The Reserve Bank of New Zealand held the Official Cash Rate at 2.25%, in line with forecasts. The decision keeps monetary settings unchanged at a time when markets had largely priced in a steady outcome, leaving short-term funding costs anchored and policy guidance as the main focus for pricing across the New Zealand dollar curve.
With the cash rate remaining at 2.25%, attention turns to how the RBNZ frames inflation and activity conditions relative to its remit. The hold preserves the existing stance on borrowing costs for households and corporates, while signalling that any future move will depend on incoming data rather than an immediate policy shift.
Implications for Currency Volatility and Market Strategies
The Reserve Bank of New Zealand’s decision to hold the OCR at 2.25% was fully priced in, removing immediate uncertainty from the market. We expect this will lead to a compression in short-term implied volatility for the New Zealand dollar. Selling near-dated NZD/USD straddles could be an effective strategy to profit from this expected decline in volatility.

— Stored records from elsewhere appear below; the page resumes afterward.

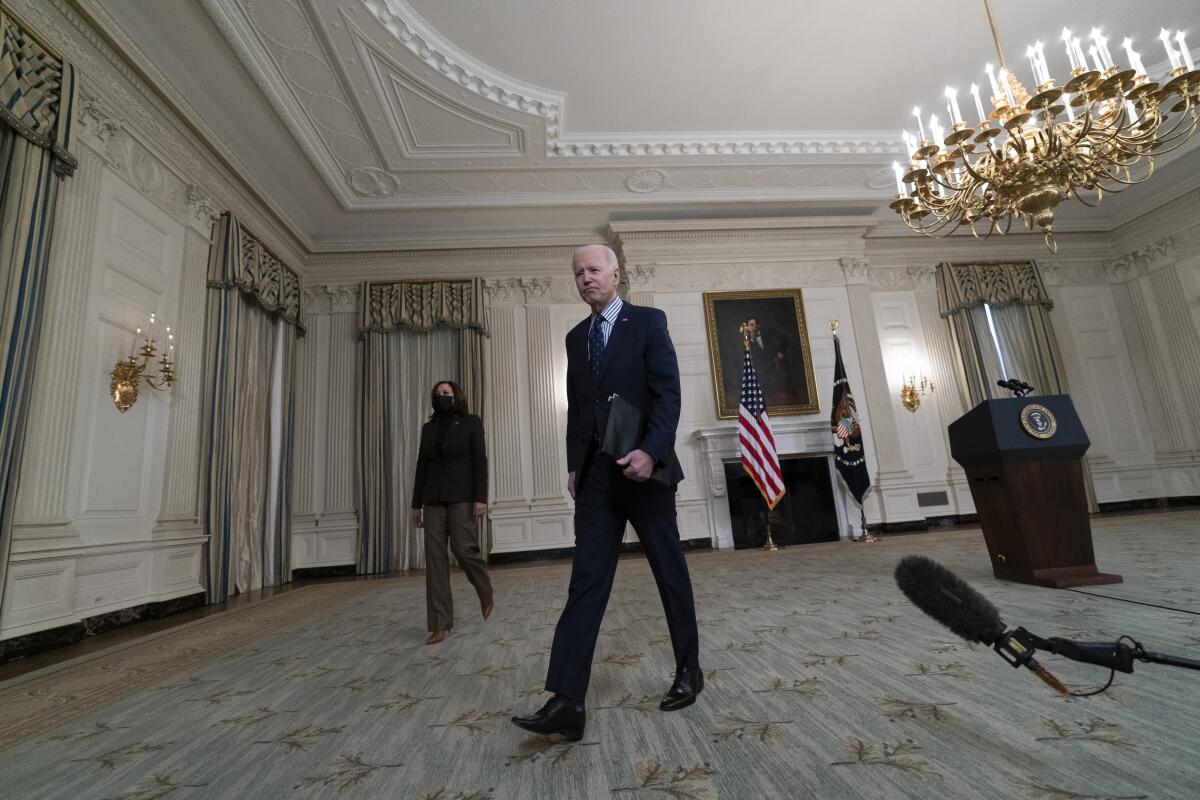 President Biden walks from the lectern.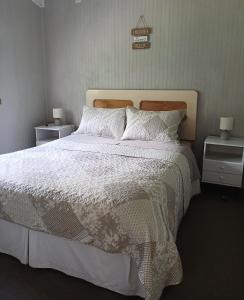 Un dormitorio con una gran cama blanca con dos mesitas de noche. en Refugio del bosque, en Chaitén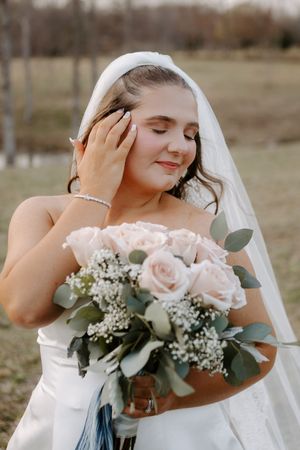 Bride in strapless gown holds blush rose bouquet with eyes closed, wearing veil outdoors at sunset.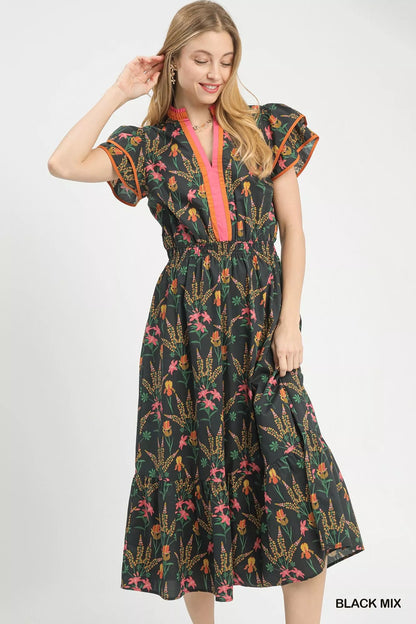 Black Umgee floral midi dress with mixed print, featuring a flowy silhouette and short sleeves, perfect for casual or semi-formal wear.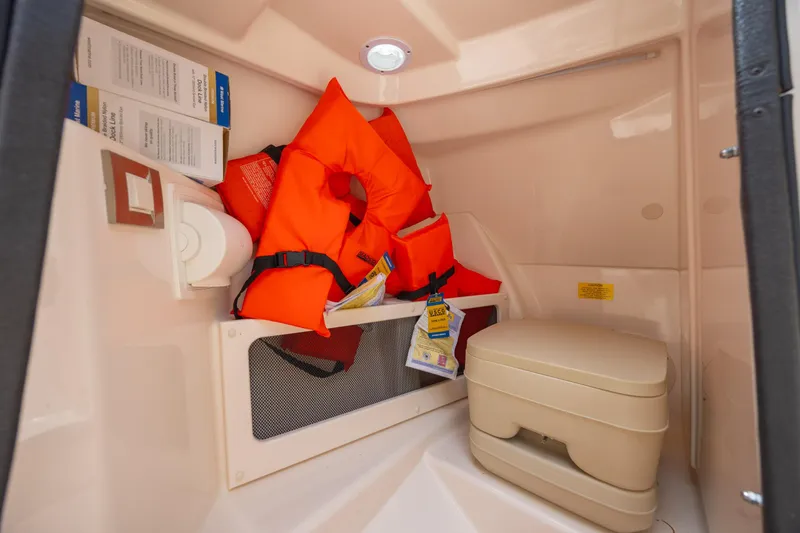 Slide: The Image of Interior of 2018 Grady-White Freedom 215 boat with life jackets and portable toilet. - 20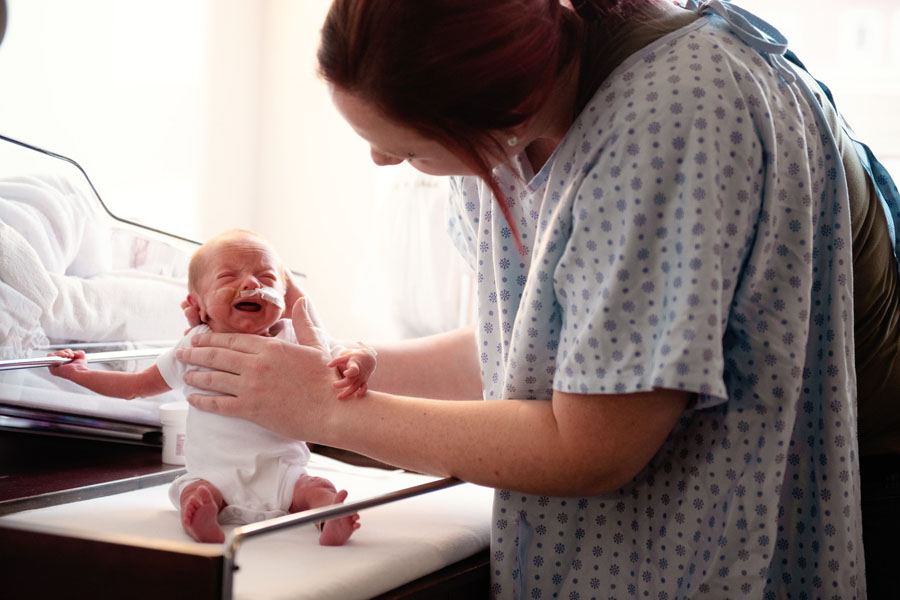 A woman in a hospital gown supporting newborn seated on a portable hospital crib. The infant has a breathing tube attached to its nose.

Economic Backdrop and Interest Rate Outlook
This steady policy rate reflects an economy that has cooled substantially from the high inflation seen in 2023 and 2024. With New Zealand’s latest quarterly CPI figure at 2.1%, inflation is comfortably within the central bank’s target band, giving them no reason to tighten policy. The technical recession of late 2023 is also a recent memory, encouraging policymakers to remain supportive of growth.
Looking forward, we see the RBNZ remaining on hold for the rest of the year, while other central banks like the U.S. Federal Reserve may maintain a higher policy rate to combat more persistent inflation. This policy divergence is likely to keep downward pressure on the NZD/USD exchange rate, which has trended lower from its highs above 0.63 in mid-2024. Therefore, buying medium-term NZD/USD put options offers a cost-effective way to position for further weakness.
In the interest rate market, the lack of any hawkish commentary should keep the front end of the yield curve anchored. The two-year swap rate, currently sitting around 2.40%, likely has limited upside from here. We see value in entering positions that benefit from a stable rate environment, such as receiving fixed on 2-year interest rate swaps.